Thinking about the upcoming Winter Olympics reminded me of a classic paper by Medvec, Gilovich & Madey in 1995 - When Less Is More: Counterfactual Thinking and Satisfaction among Olympic Medallists in the Journal of Personality and Social Psychology.
The authors explored how counterfactual thoughts impacted emotions by analysing the reaction of bronze and silver medallists in the 1992 Olympic Games at the end of specific events and when athletes mounted the podium.
The essence of their theory was that, in terms of happiness, finishing 3rd and receiving a bronze was a better outcome than finishing 2nd. The authors concluded that winning the bronze gives greater happiness than winning the silver as those that win silver think about the counterfactual alternative: what if I had won the gold? In contrast to this, the bronze winner compares themself to the rest of the field that didn't get near the podium.
As Medvec and Savitsky explained in a paper two years later, receiving a bronze elicits a downward counterfactual comparison, while receiving silver elicits an upward one. In this regard we may not weigh up our achievements objectively and rather compare what we have achieved to 'what could have been'.
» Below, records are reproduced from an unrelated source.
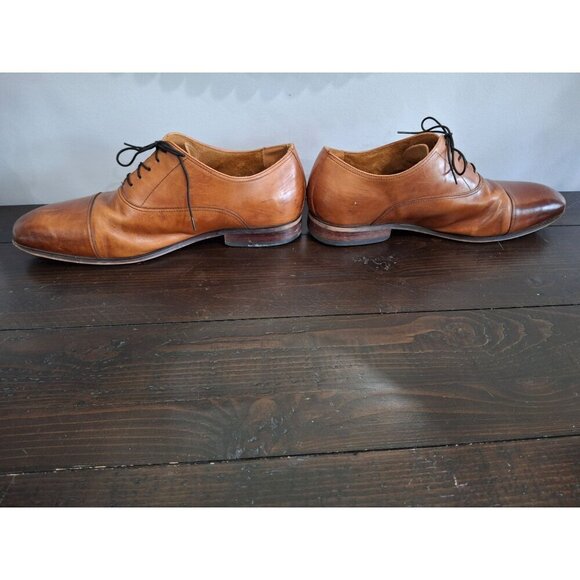 Florschiem Brown Leather Cap Toe Lace-up Oxfords/Pre-owned, 11D - Picture 2 of 9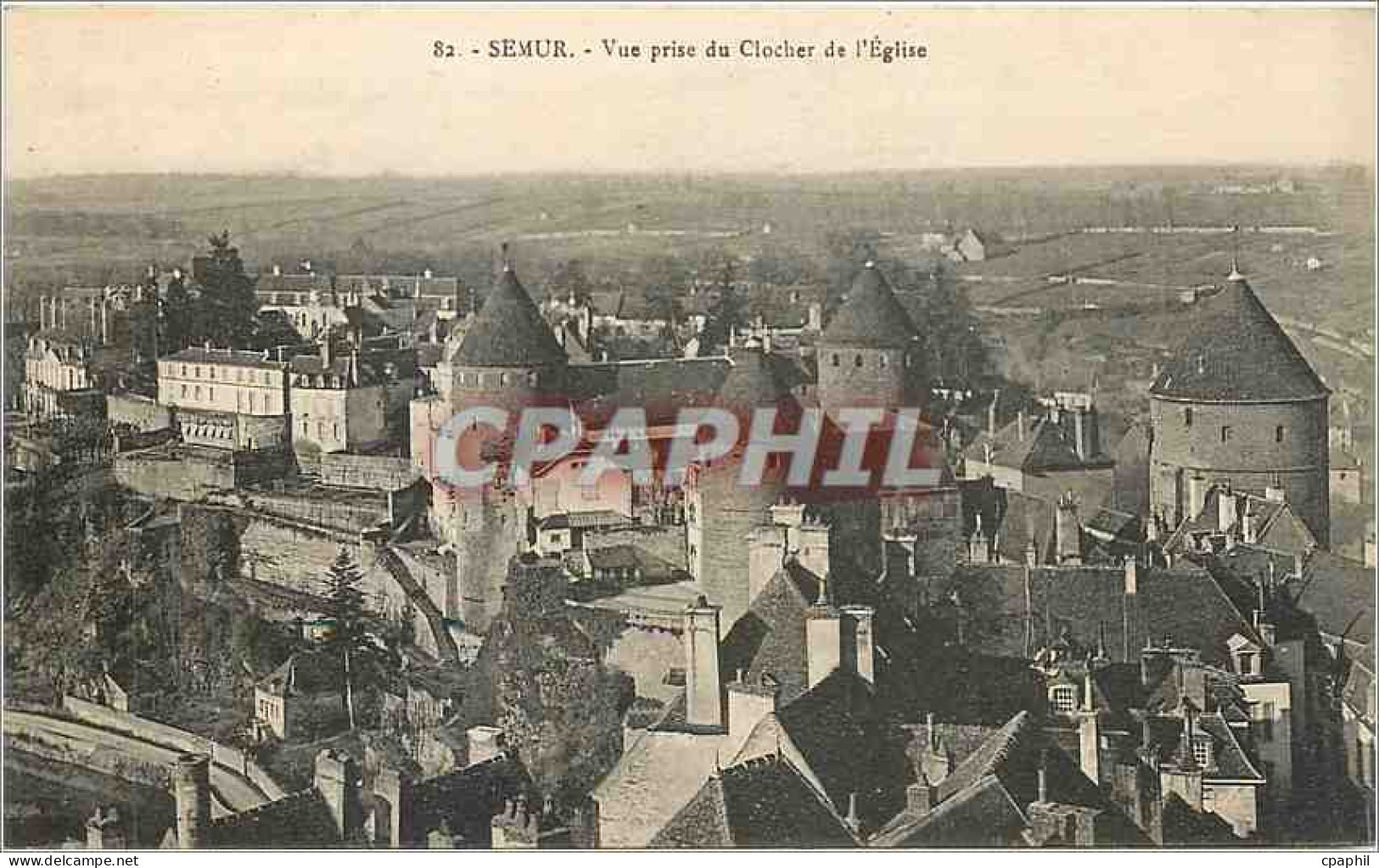CPA SEMUR-Vue prise du Clocher de l'Eglise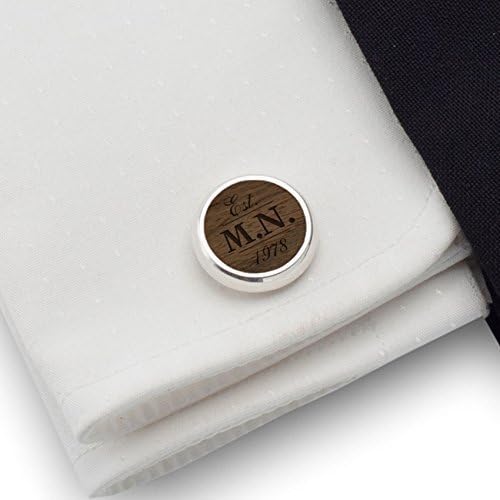 Personalized birthday gifts for men,Birthday initals cufflinks with Walnut Wood, Birthday gifts for Husband,birthday gifts for Dad | 925 Silver, Walnut | Size 0.66x0.66 inches | Gift letter | Handmade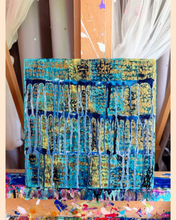 Load image into Gallery viewer, "The Inner Calling" Original Abstract Drip Painting Infused With Rose Quartz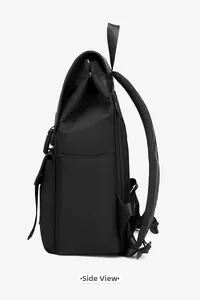 Side view of black water-resistant business backpack showing padded shoulder straps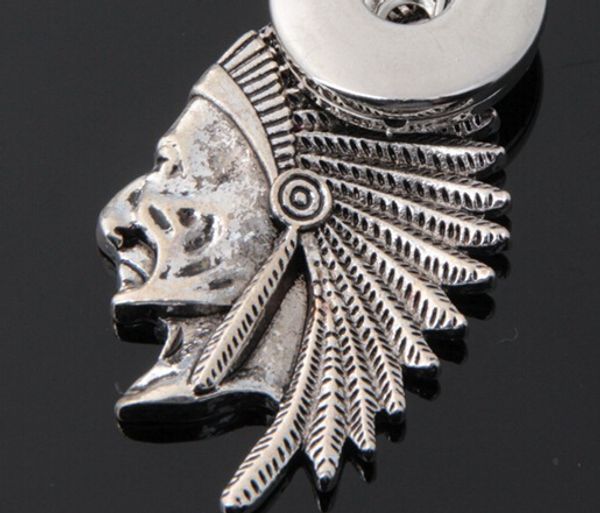 

new indian head 18mm noosa pendant diy noosa europe snap button pendant snap button noosa pendant personalized fashion jewelry accessories, Silver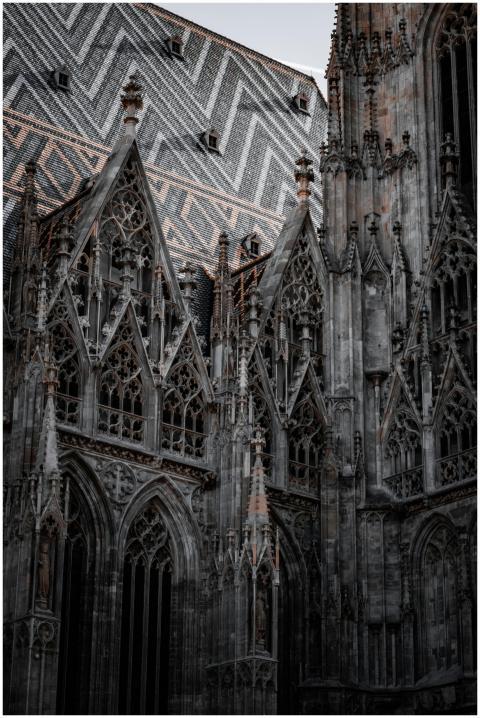 Close-up of a Gothic cathedral showcasing intricat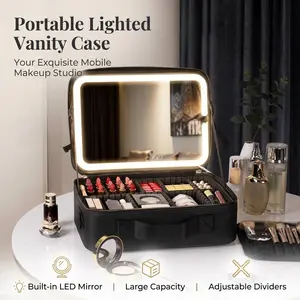 LED Lighted Makeup Case with Mirror, Portable Cosmetic Organizer with Adjustable Dividers, Dimmable Brightness for Travel, Vanity & Daily Makeup Use, Desktop Makeup Organizer, Cosmetics Storage Box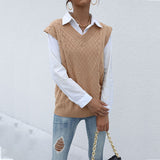 LOVEFERY New 2025 women's clothing tops, knitted twist vest V-neck sweater with pullover and sleeveless vest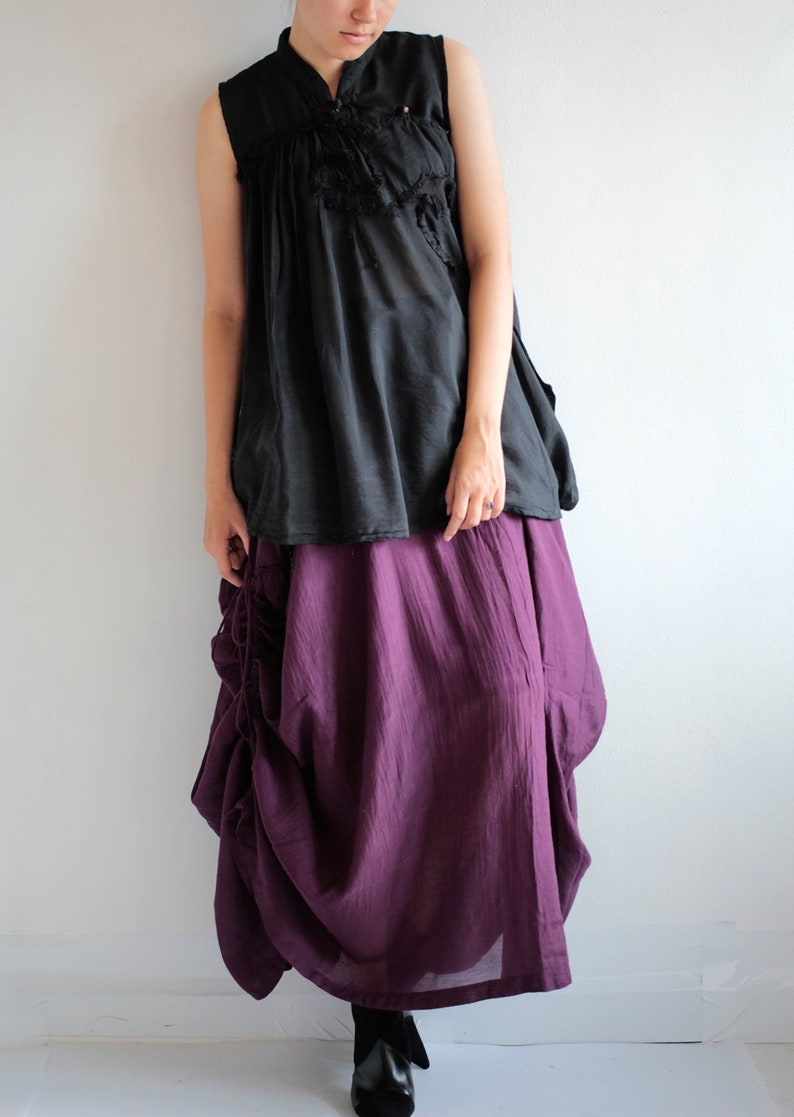 Blouse/Tank top....Black No.14 and more colour available cotton mixed silk M 1138 image 1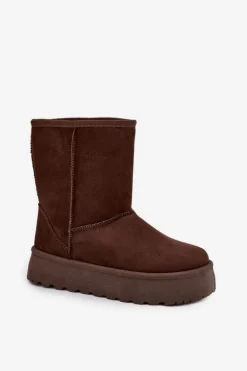 Damskie Śniegowce Ocieplone Futerkiem Czekoladowe Abrams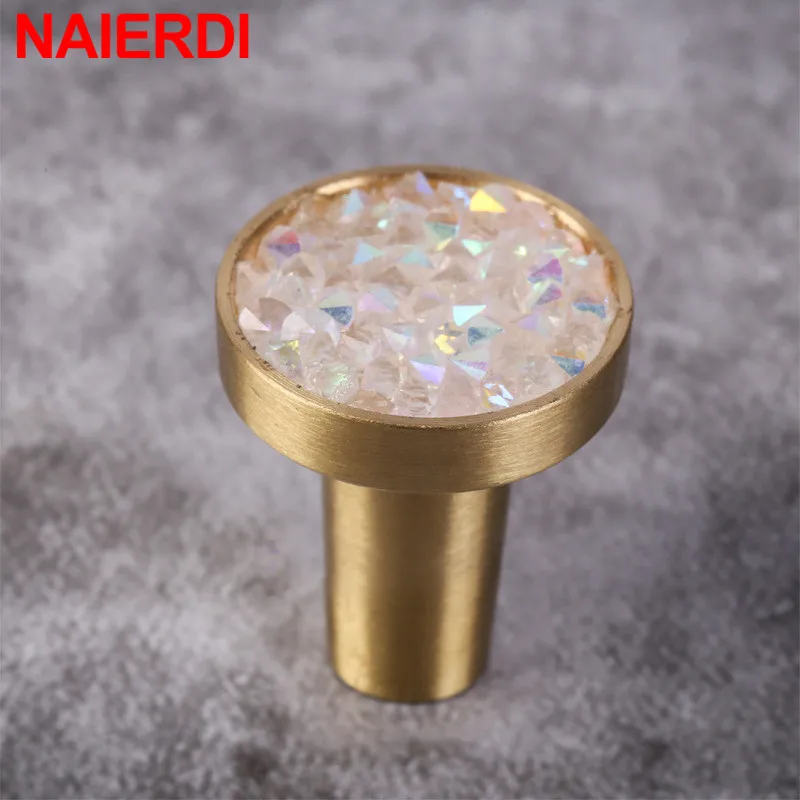 NAIERDI латунные ручки для шкафа простые скандинавские комода алмазные круглые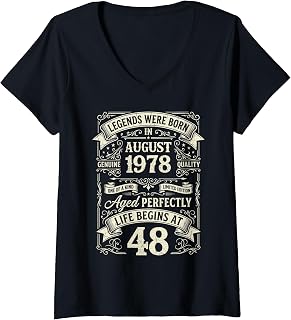 Women's Vintage 48th Birthday Legends Born in August 1978 V-Neck T-Shirt Unisex T-shirt, Sweatshirt, Hoodie, Long Sleeve Tee - T-Shirt, Sweatshirt, Hoodie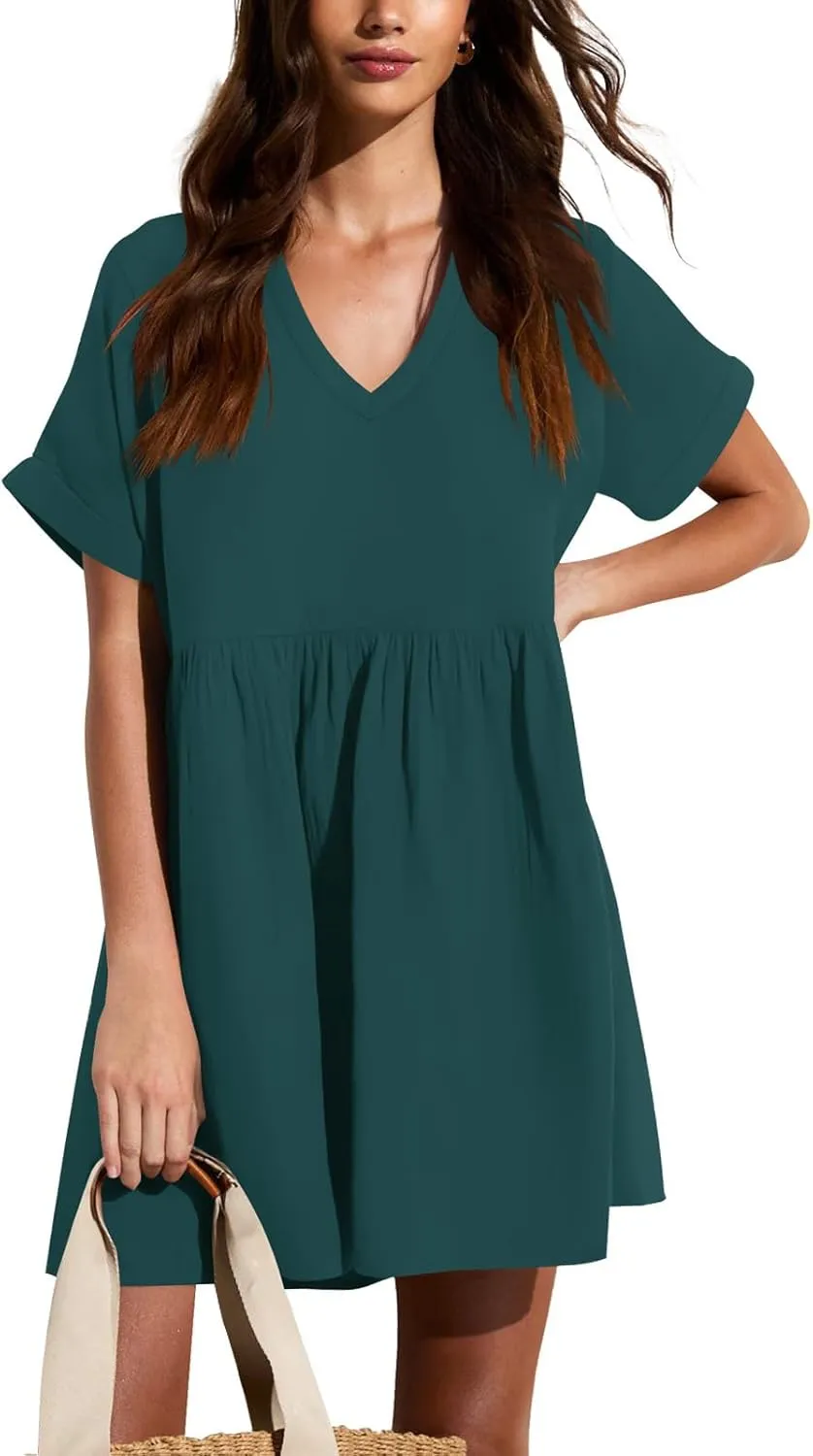 liher Womens Casual Summer Dress Rolled Up Short Sleeve V Neck Tunic Dress Loose T Shirt Dress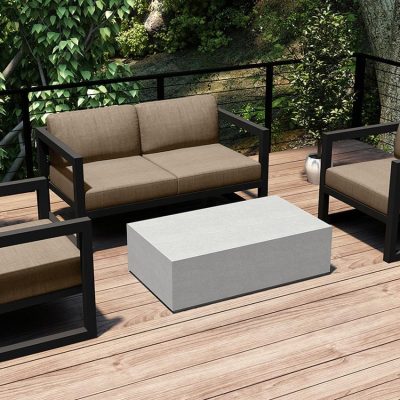 Misty Cove 4 Pc Aluminum Loveseat Set in Slate W/ Heather Beige Cushions & Long Coffee Table By Lakeview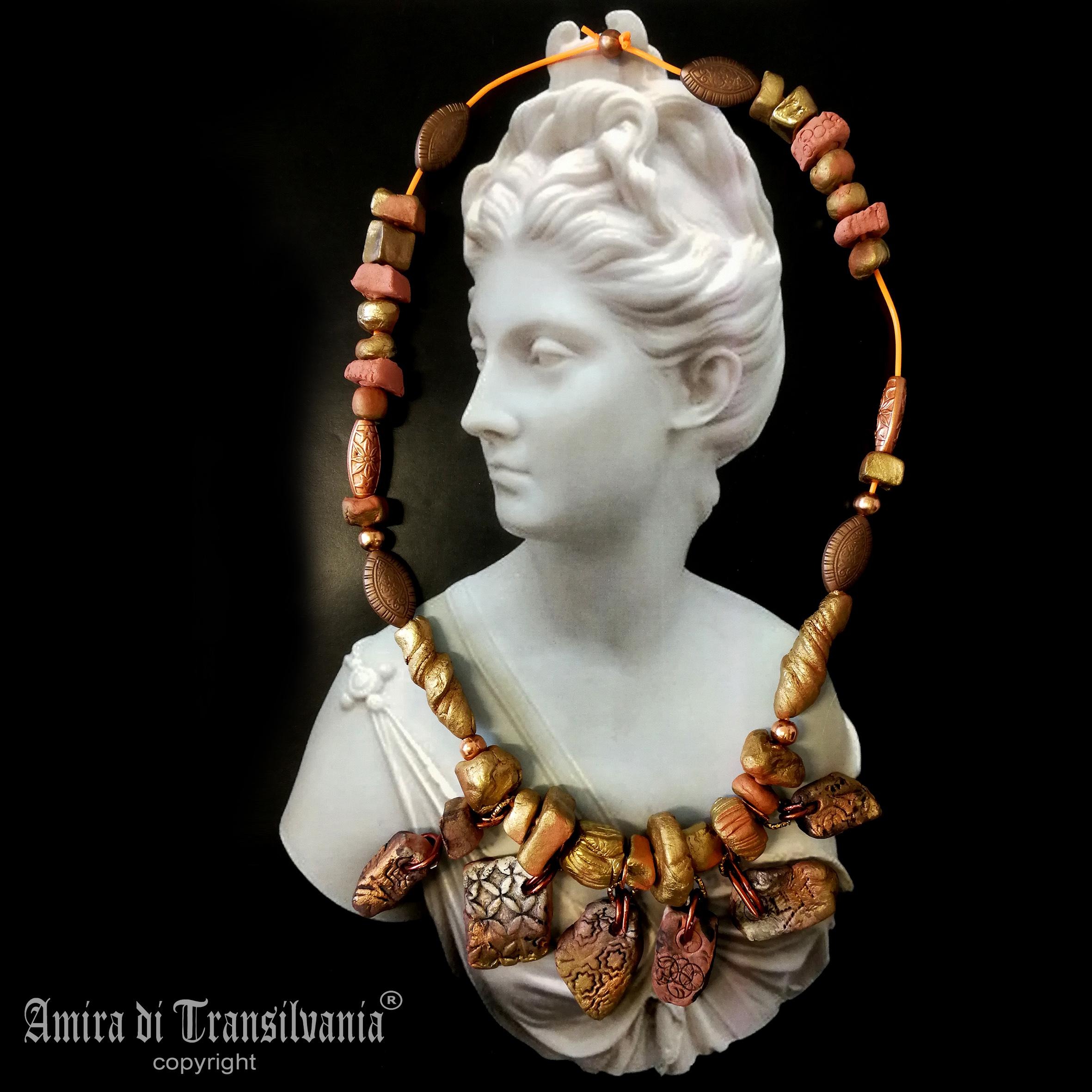 Beaded Necklaces, Boho Jewelry Earth Tone Bib, Chunky Handmade Stone Jewelry, Brutalist Pendant Charm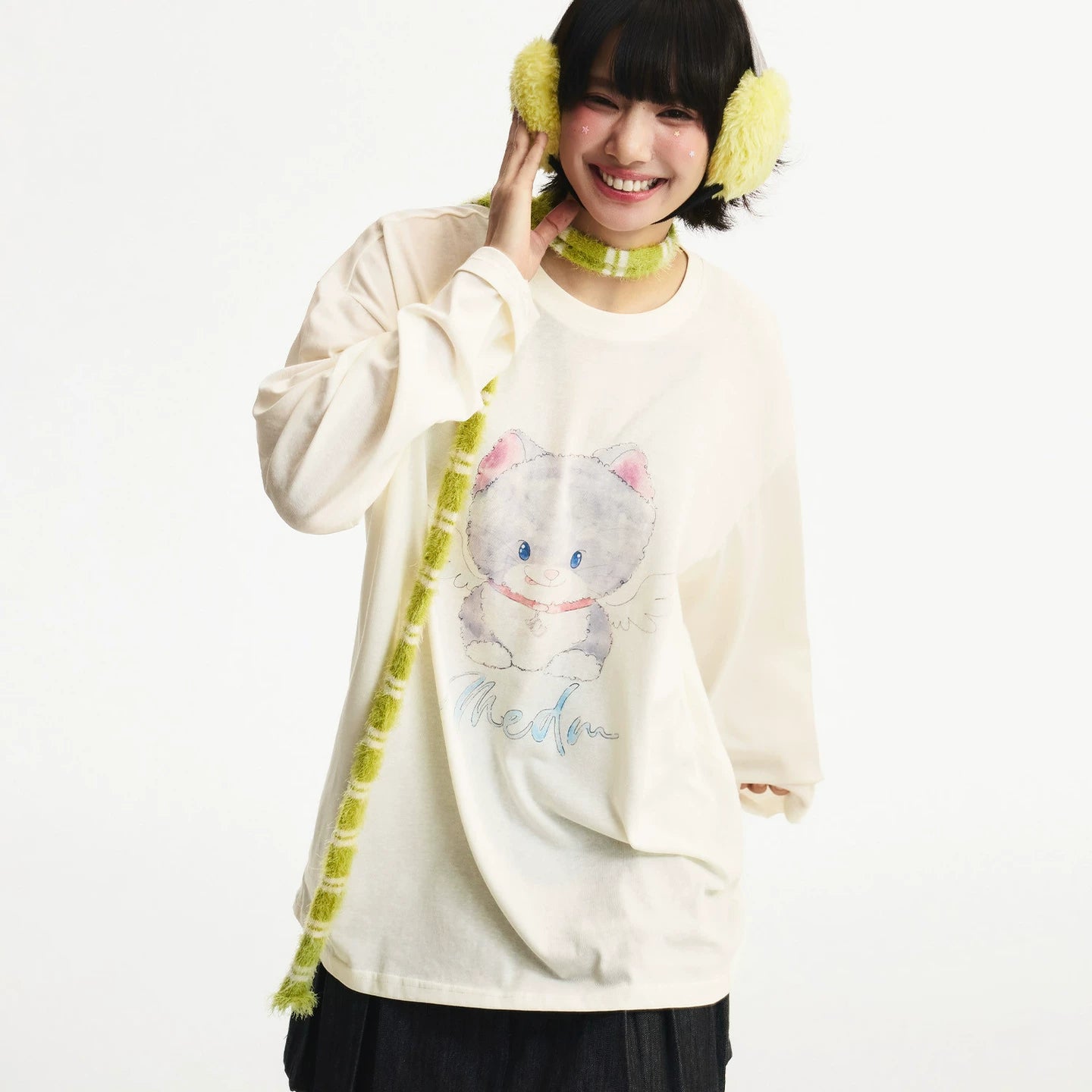MEDM Angel Cat Pattern Printed Casual Round Neck Long Sleeve T-shirt Women's Versatile Cute Style Loose Top Summer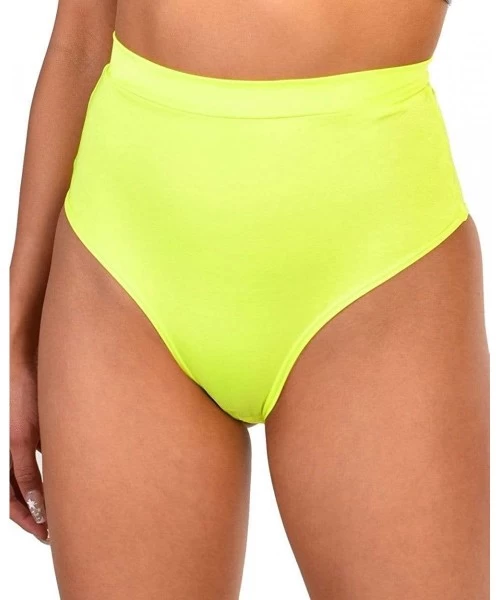 Tankinis Electro High Waisted Booty Shorts Brief Pin-Up Style Bikini Bottoms - Ultra Hi-rise - Neon Yellow - C018QYMU34A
In 2005 McGraw, Mellers & Tetlock carried out three studies of the 2000 Summer Olympics in Australia. The authors suggested that Olympic athletes are more likely to make counterfactual comparisons based on their prior expectations (the idea that silver medallists having higher expectations had been ruled out in the first study) and found that surprising outcomes produce stronger emotional reactions.
Perhaps finishing second in sports competitions can really be a mixed blessing but as Medvec, Gilovich & Madey ask near the end of the paper; does the immediate happiness effect only last over a short run period and are we likely to look back more fondly on second place in years to come?